→ **Work to complete**
Print the entries below exactly as they appear, from the first line up to and including the line with "Heboh, Macan Tutul". Do not print any pictures.

+++ Data for this exercise +++

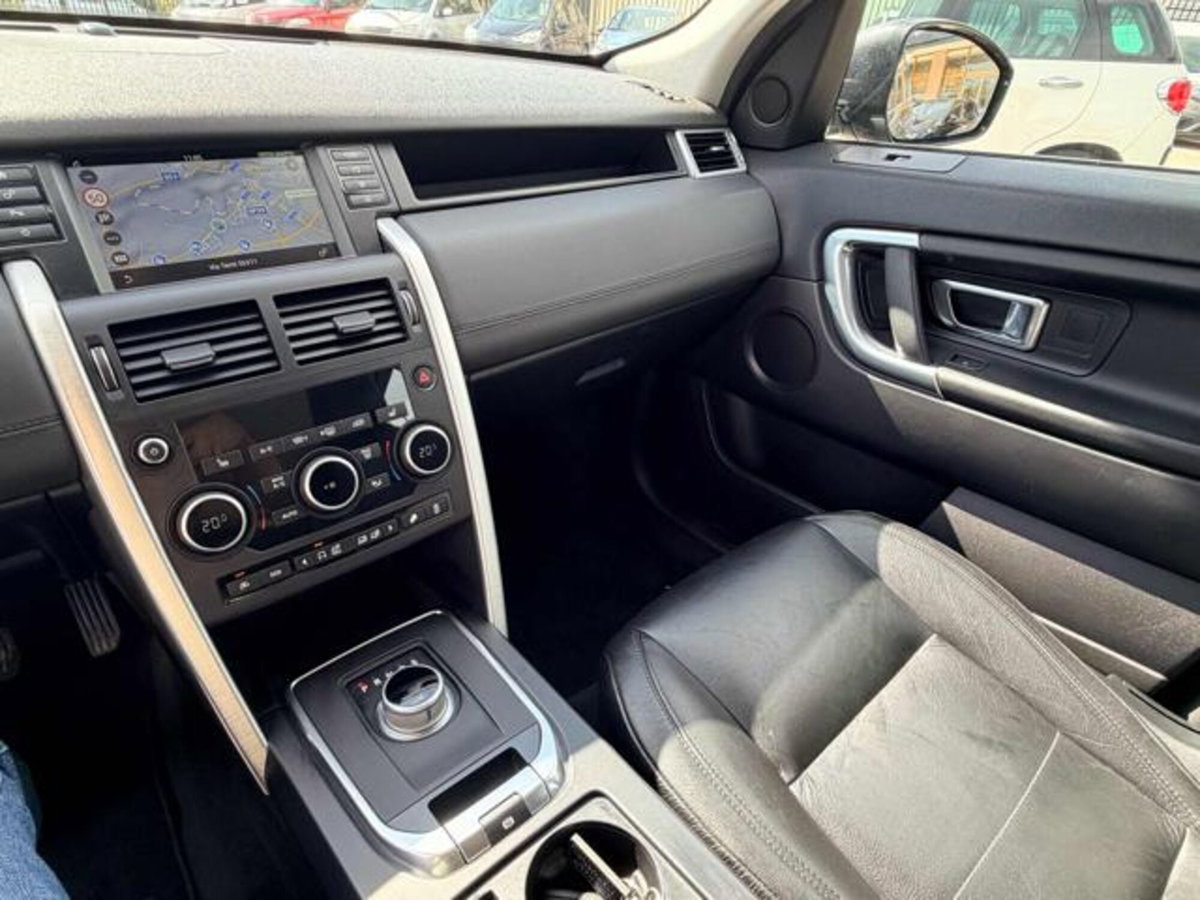 Land Rover Discovery Sport 2.2 TD4 HSE (12)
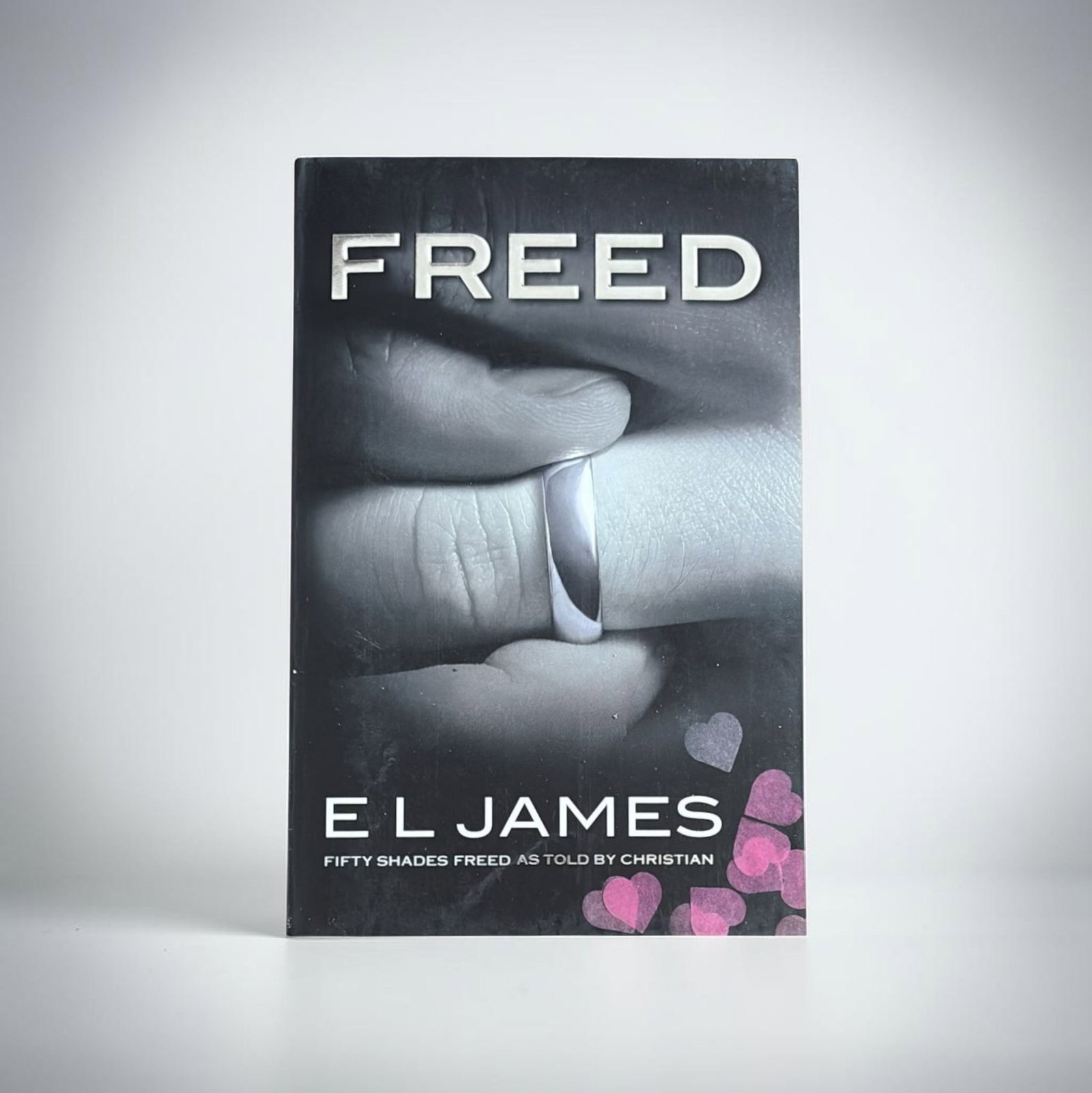 E L James Signed Paper Back Fifty Shades Freed Book: This lot is a paper back book (Fifty Shades Freed), autographed by E L James. If you wish to upgrade to a third party authentication with holographic QR code and item scoring, an additional charge of 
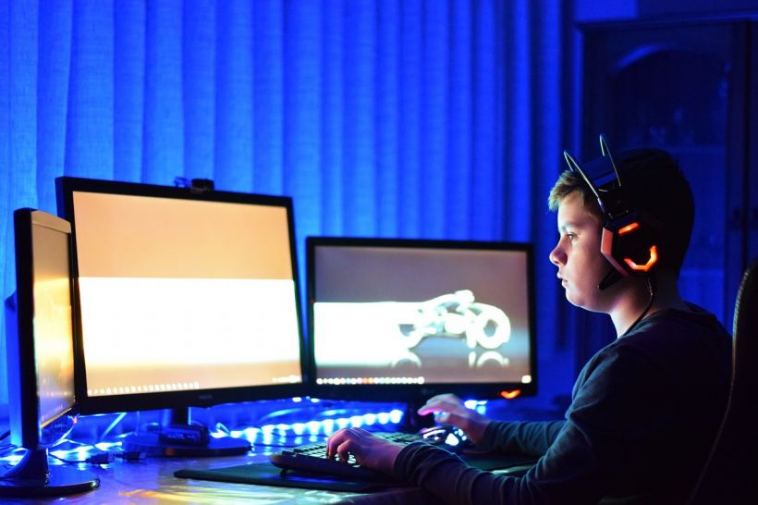 kind playing games online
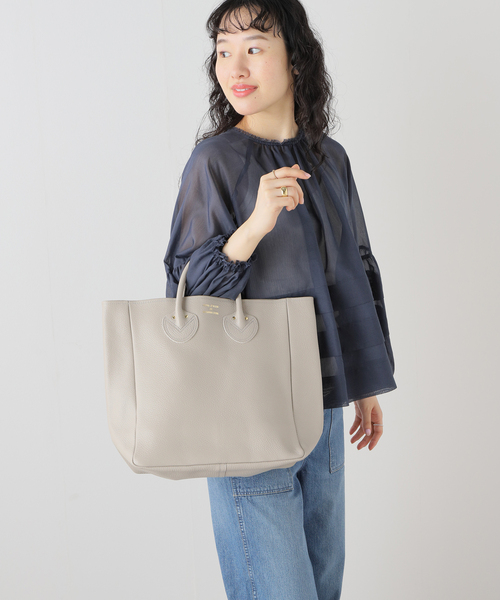 IENA（イエナ）の「【YOUNG&OLSEN/ヤングアンドオルセン】EMBOSSED LEATHER TOTE M トートバッグ（トートバッグ・レディース・ベージュ・FREE）」の11枚目の写真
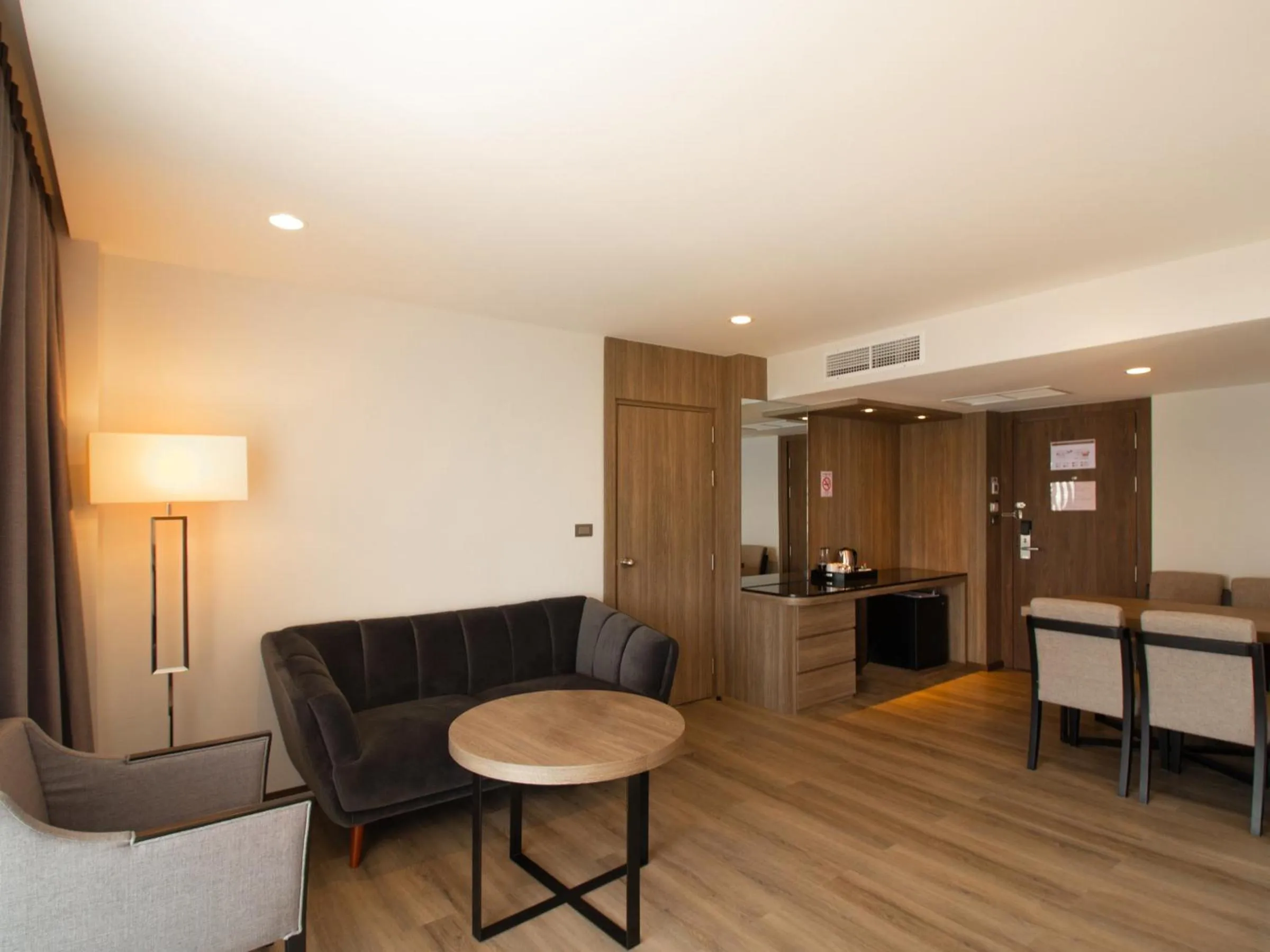 Coffee/tea facilities in Fortune View Khong Hotel Nakhon Phanom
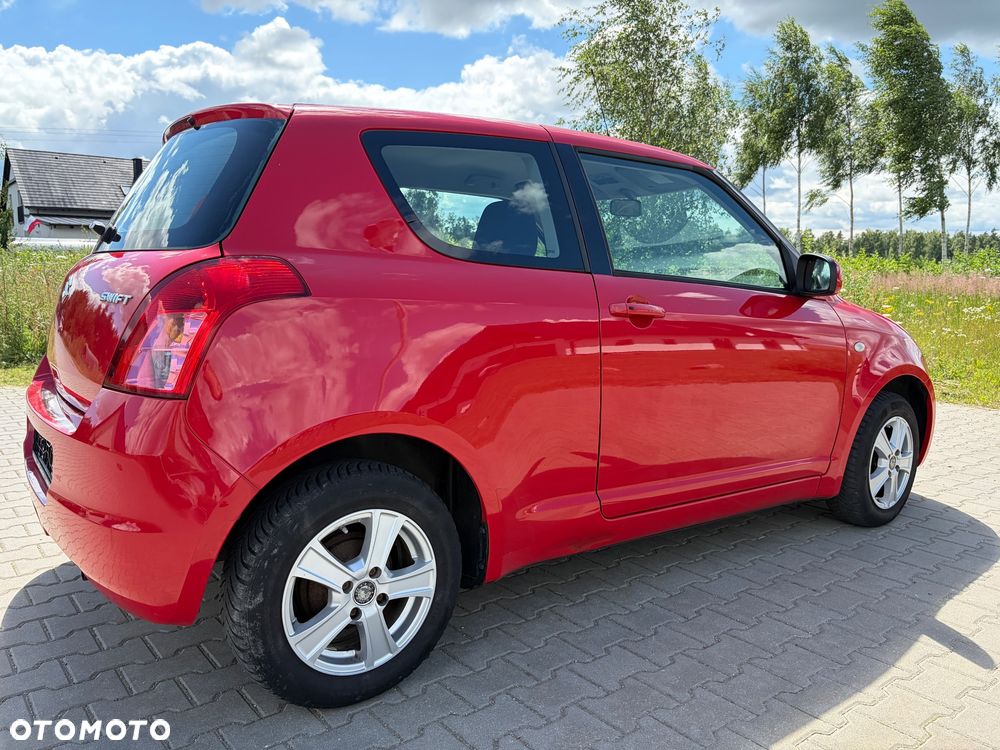 Suzuki Swift 1.3 GLX / Comfort - 4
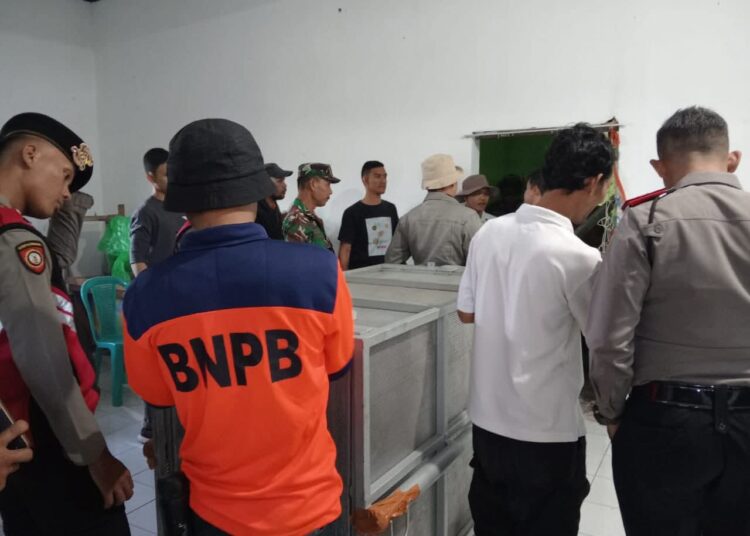 Heboh, Macan Tutul Turun Gunung dan Terjebak di Bale Desa Kutamandarakan Kuningan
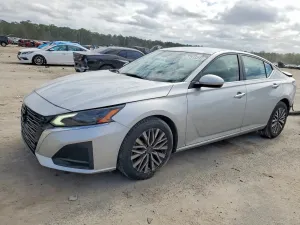 Nissan Altima SV 2.5L 4 2023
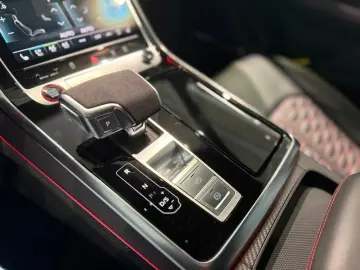 AUDI RSQ8 4.0 TFSI quattro Keramik Matrix Pano AHK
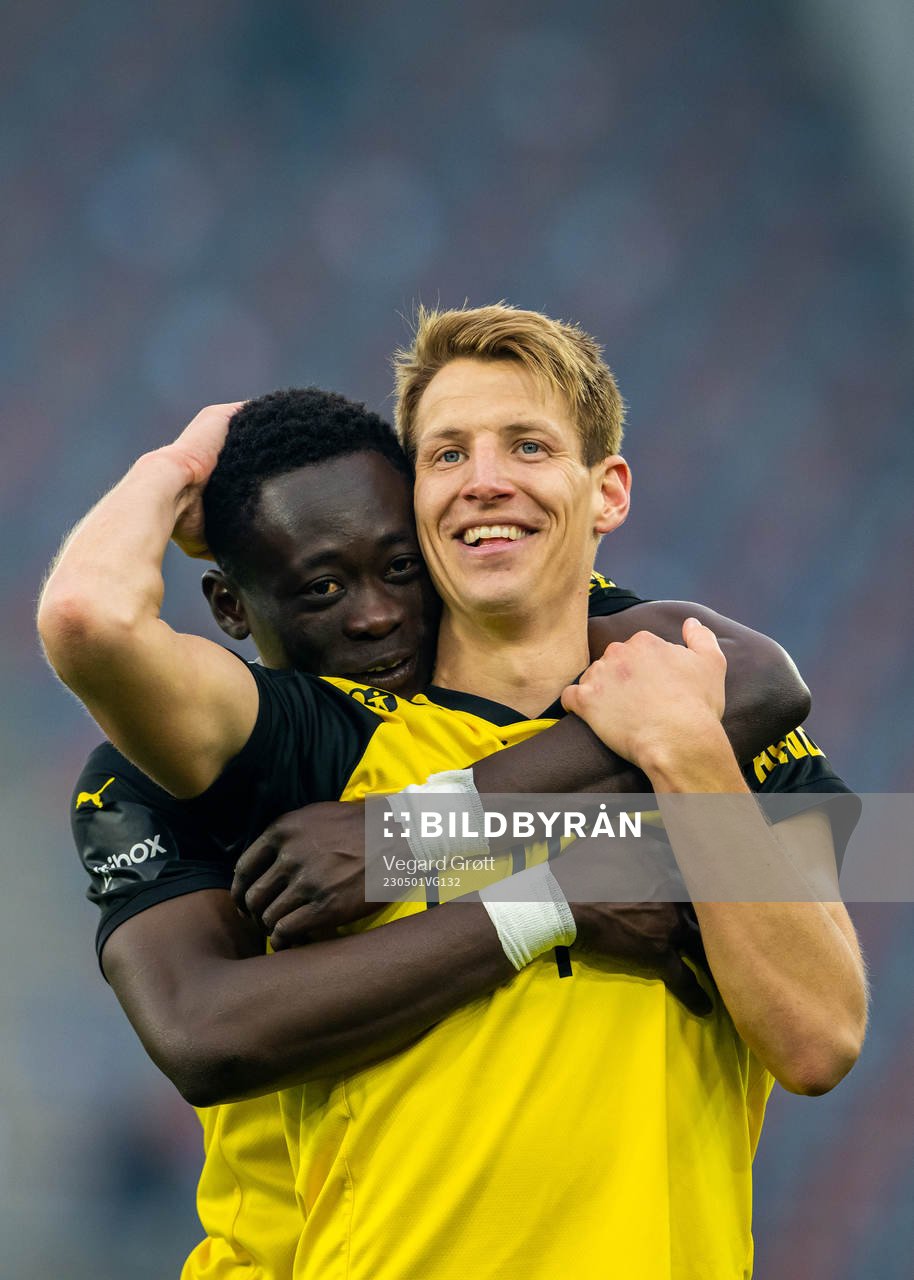 Akor Adams and Thomas Lehne Olsen of Lillestrøm celebrate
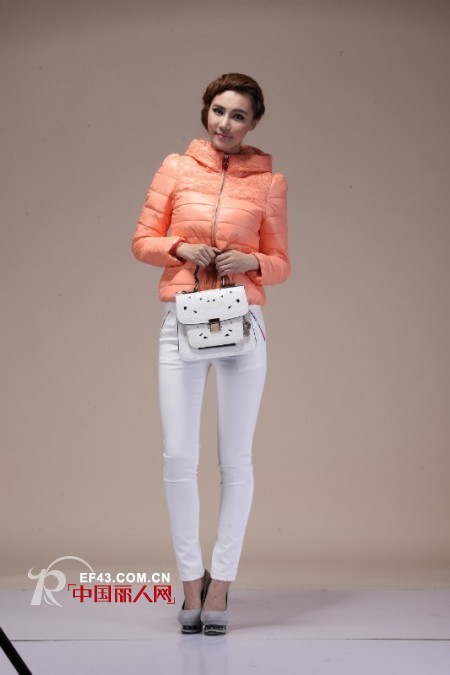 马卡龙色系短款羽绒服品牌推荐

+++

→ **Solution to this exercise**
 Land Rover Discovery Sport 2.2 TD4 HSE (12)
 E L James Signed Paper Back Fifty Shades Freed Book: This lot is a paper back book (Fifty Shades Freed), autographed by E L James. If you wish to upgrade to a third party authentication with holographic QR code and item scoring, an additional charge of 
 kind playing games online
 IENA（イエナ）の「【YOUNG&OLSEN/ヤングアンドオルセン】EMBOSSED LEATHER TOTE M トートバッグ（トートバッグ・レディース・ベージュ・FREE）」の11枚目の写真
 Coffee/tea facilities in Fortune View Khong Hotel Nakhon Phanom
 Suzuki Swift 1.3 GLX / Comfort - 4
 Heboh, Macan Tutul Turun Gunung dan Terjebak di Bale Desa Kutamandarakan Kuningan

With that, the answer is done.